When asked about recommendation 50, which read in part that "Wikimedia UK should swiftly come to agreement with the owners of QRpedia on the future ownership of this software", Bamkin pointed to a recent agreement with WMUK, which will transfer the domain names and intellectual property of QRpedia to WMUK, while allowing Bamkin and its coder, Terence Eden, moral rights of attribution without financial compensation.
The current chair of WMUK's Board of Trustees, Chris Keating, stated to the Signpost via email:
||The Wikimedia UK board has spent most of this weekend's meeting considering the report's recommendations. We resolved to implement the report's recommendations, and also passed resolutions which will put large parts of it into practice. For instance, we today made a significant update to our policy on handling conflicts of interest, in line with the review's recommendations. We have also reached an agreement about the future of QRpedia.
In my view, the Governance Review's report and recommendations are a really important step forward for Wikimedia UK. There are clearly lessons for us to learn, but adopting the review's recommendations will help us develop and grow as an organisation.
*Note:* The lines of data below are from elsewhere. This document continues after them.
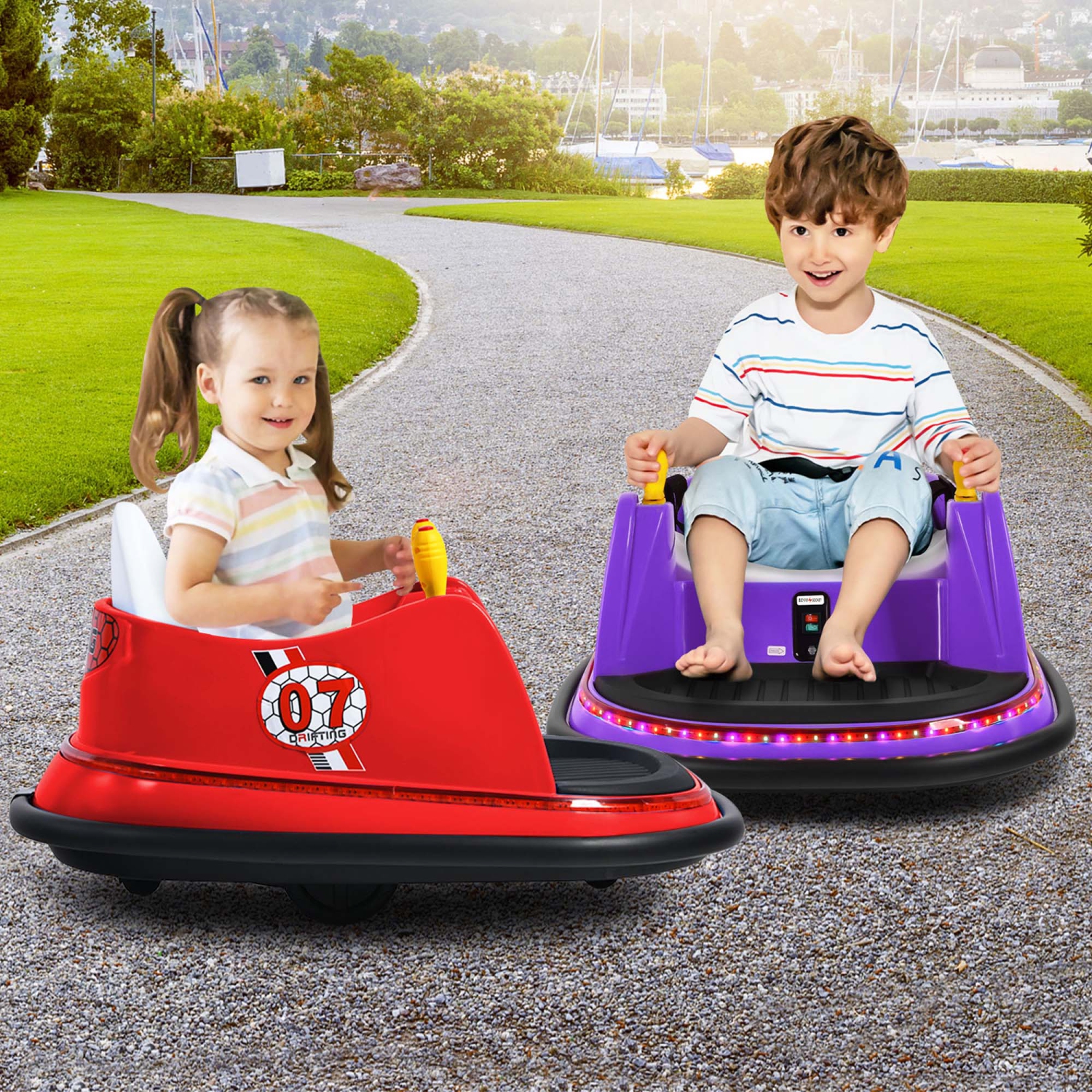 Jouet de course à 360° 12&nbsp;V de Costway pour enfants avec voiture pare-chocs et télécommande violet/rose/rouge/bleu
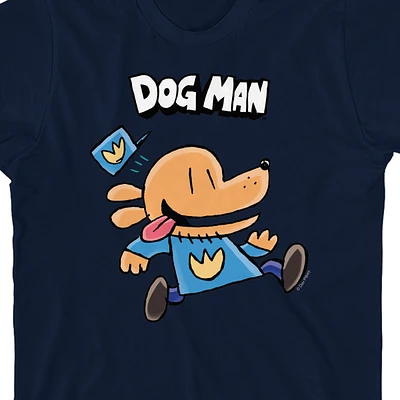 Dog Man Boys Running Youth Navy Crew Neck Short Sleeve T-shirt-xl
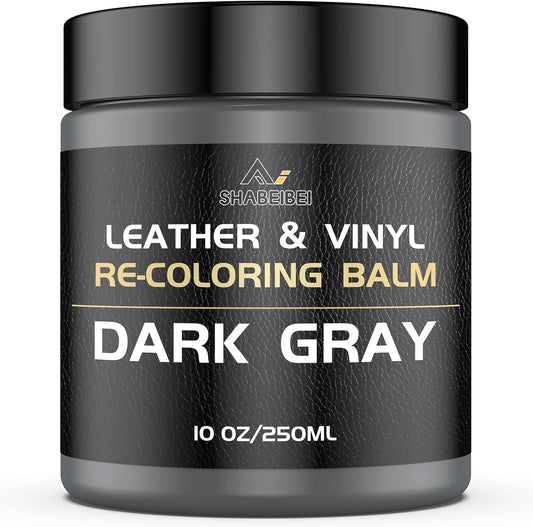 Leather Recoloring Balm,10oz Leather Color Restorer Leather Repair Kit for Furniture Car Leather Scratch Remover, Dark Gray Leather Color Restorer for Couches,Leather Dye Paint for Faded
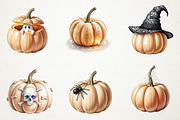 Beige Pumpkins Halloween Clipart, an Illustration by RobertsArt (Thumbnail 6 of 6)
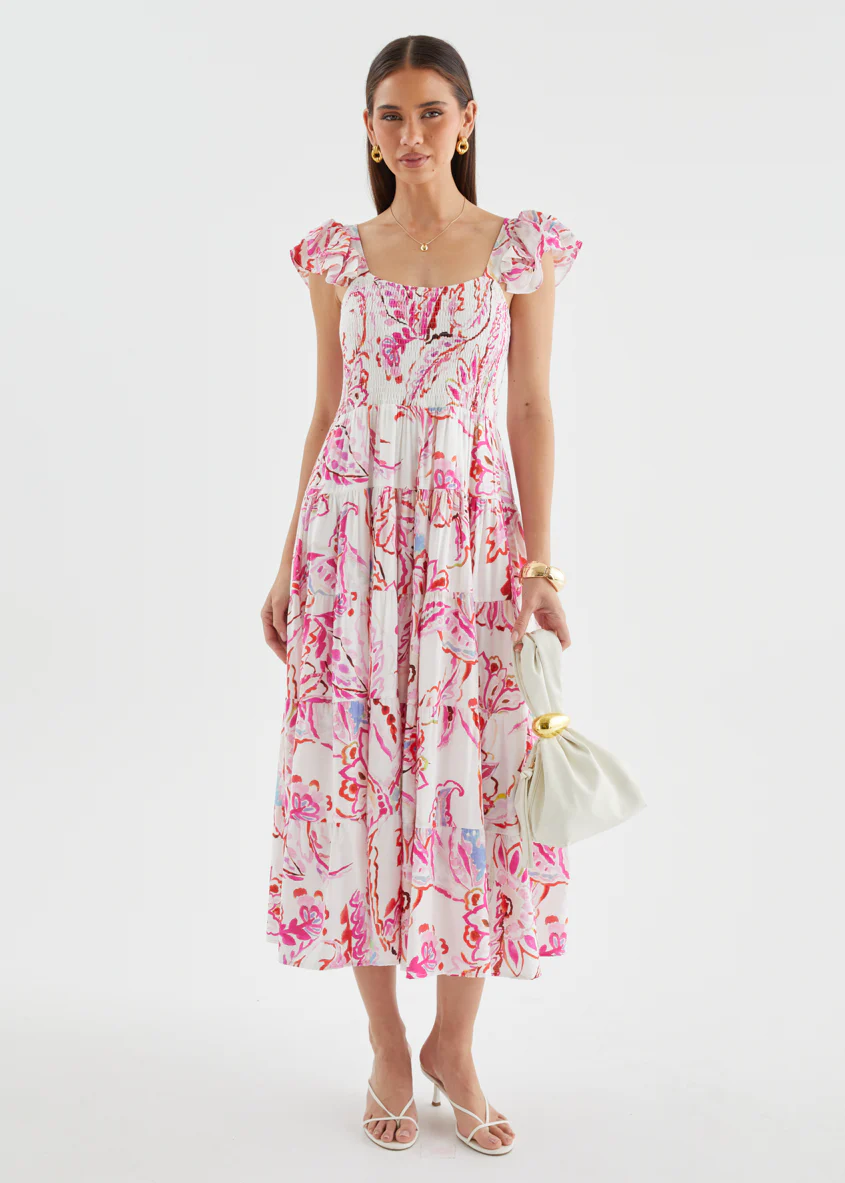 Deluca Midi Dress - Botanical Pink - Image 13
The governance review, which also gave recommendations on items like the size of WMUK's board, how to run board meetings, and the relationship of WMUK with the Wikimedia movement, is available on Commons. A centralized discussion of it is taking place on meta, and there is a questions and answers page on the WMUK blog.
- Picture of the Year: The Wikimedia Commons' Picture of the Year contest has entered round two, where editors with more than 75 edits may vote for one picture. Voting will be open until 14 February.
- Fundraising: The Wikimedia Foundation (WMF) is planning to start testing new fundraising banners on 5% of anonymous users. No banners will be shown to logged-in users, nor those in previously targeted countries. Last year's fundraiser was conducted in December, but only in the top five English-speaking countries: the United States, United Kingdom, Canada, Australia, and New Zealand. The banners were taken down early after the foundation hit its US$25 million target.
- Echo: The WMF has published a blog post introducing a new notifications system, called Echo. The Editor Engagement Team hopes that it will answer the question, "How can our users learn about events that affect them, so they can contribute more productively to MediaWiki sites like Wikipedia?"
- Individual Engagement Grants: Applications for IEGs, the new WMF grant scheme, are due by February 15 and can be reviewed on Meta.
- Steward election: The annual election of stewards, who have complete access on all WMF wikis to deal with transproject vandalism, among other matters, is open for voting until February 27.